Saturday Night Pizza

Broccoli/Bell Pepper/Onion/Garlic Pizza
More pictures in the kitchen. This is the best of a series I took while cooking pizza for dinner last night. Actually, Mary is the cook, I just roll out the dough and manage the pizza’s transition from counter to oven and back again. Mary is such a wonderful cook. A true foodie.
Technically there are problems with this image. Mostly, it has too narrow of a depth of field (area of sharp focus) and the position of this depth of field is on the wrong part of the pizza (it should include the front of the pizza to about half way through it). To improve the next time I’ll close down the f-stop on the camera to get a greater depth of field which will probably require the use of the flash.
Mary and I just finished discussing Christmas dinner and she suggested pizza (Spinach and Sun-dried tomato). So I’ll get another chance to make a great pizza picture. Maybe I should practice some before then? Won’t that be fun!! By the way the pizza was delicious.

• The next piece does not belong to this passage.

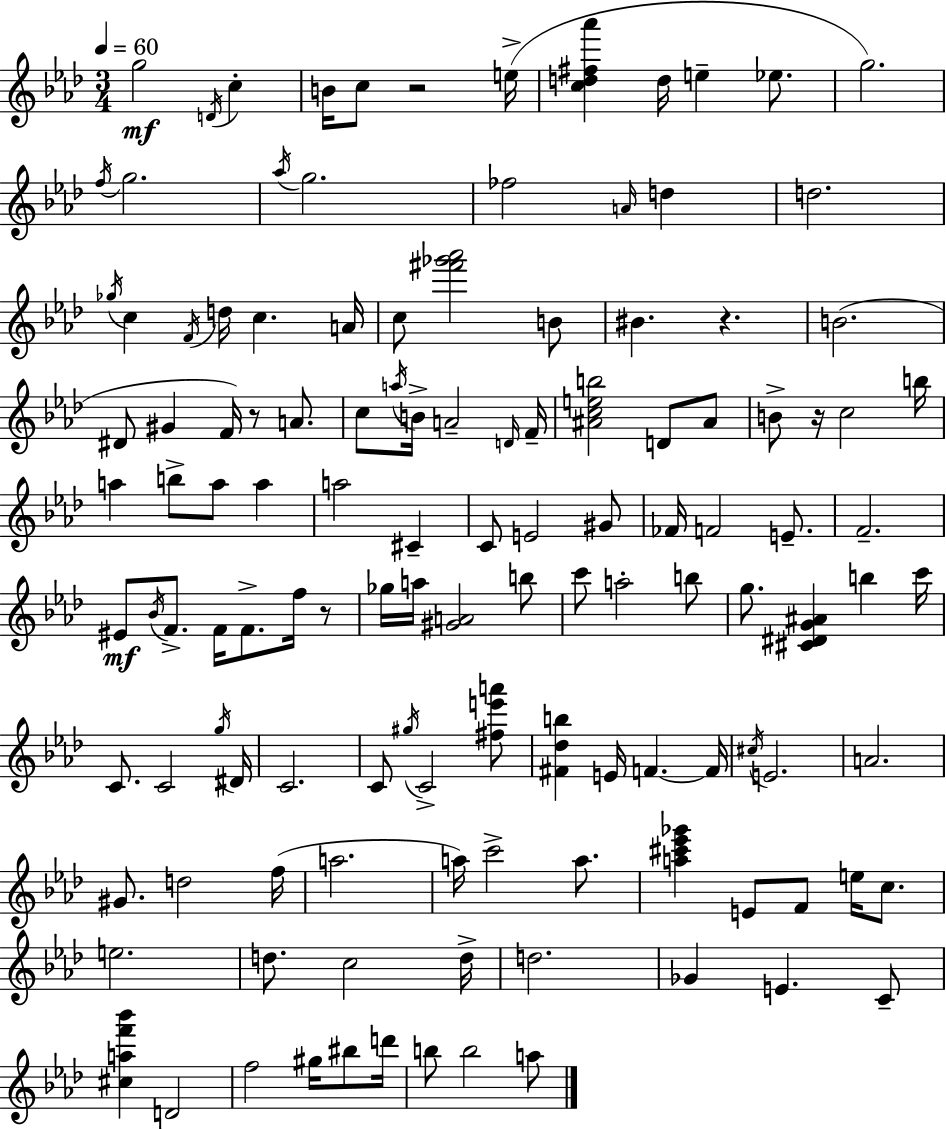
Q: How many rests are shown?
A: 5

December 6th, 2006 at 10:27 am
Will,
Enjoying your blog (found it via your recent comment on my site). Some very nice photography here, and good writing to boot. You have a new subscriber.
I like the angle of the pizza shot, and the extra shallow depth of field, while perhaps a little disorienting, makes it a more interesting photo. You might try cropping it much more closely on the pizza (or even some portion of it). The warm lighting and colour are quite nice in this one.
December 11th, 2006 at 6:51 am
Hello,
about the depth of field of your pictures:
For a greater depthof field, you want to use manual focusing, and make the sharp-focused point in the plane that is at the first third of the distance between the nearest and the most remote points you want to get within the depth of field. This is no rule of thumb, it is mathematically demonstrated.
The pro solution is to use a view camera and tilt the bodies so that the plane of the film, the plane of the lens and the plane of the object you shoot intersect along the same line (Scheimpflug’s rule). This is no approximation, you don’t need any depth of field tolerance, the entire object plane is sharp -focused.